It’s four hundred years since Shakespeare’s Macbeth warned us in unforgettable imagery of how unbridled ambition could destroy a person’s moral compass and ultimately their life. Unfortunately, some politicians still haven’t learned the lesson.

An obvious case involves Tony Blair and Gordon Brown, now locked in a dance of death over the leadership of the British Labour Party. But an even clearer example can be found closer to home in the fall of Victorian Liberal leader Robert Doyle.

Four years ago, Doyle was in the box seat. The Victorian Liberals, led by Dennis Napthine, were facing certain defeat in the 2002 state election. Doyle was the heir presumptive; the only possible candidate who represented a clear break with both Napthine and previous leader Jeff Kennett. Had he simply bided his time, he would have taken over a party not exactly united – in Victoria that is too much to hope for – but strongly supportive of his leadership. He would have had a full four years to rebuild it to take on the Bracks government.

But Doyle couldn’t wait. Ambition drove him to believe, against all the evidence, that he could make an immediate difference: that with him as leader, the election would be something other than a wipeout. He continued to destabilise Napthine’s leadership, and when Napthine demanded a pledge of loyalty from him he refused, and launched a challenge instead, which he won.

Under Doyle, the Liberals suffered the worst defeat in their history.

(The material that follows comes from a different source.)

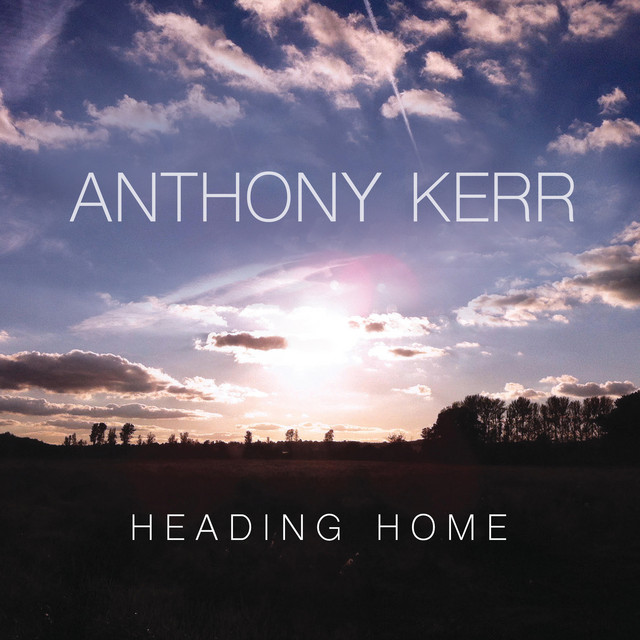 Heading Home cover art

Since then, he has been a dead leader walking – politicians just don’t come back from results like that – until his final admission last week that his position was untenable. Now another leader, Ted Baillieu, has been put in the same unenviable position.

It could all have been so different, if ambition had not blinded Doyle to reality four years ago. Instead, his personal and political life has been shattered, and he will be remembered as his party’s least successful leader. The best he can hope for is the quiet oblivion that Macbeth was denied.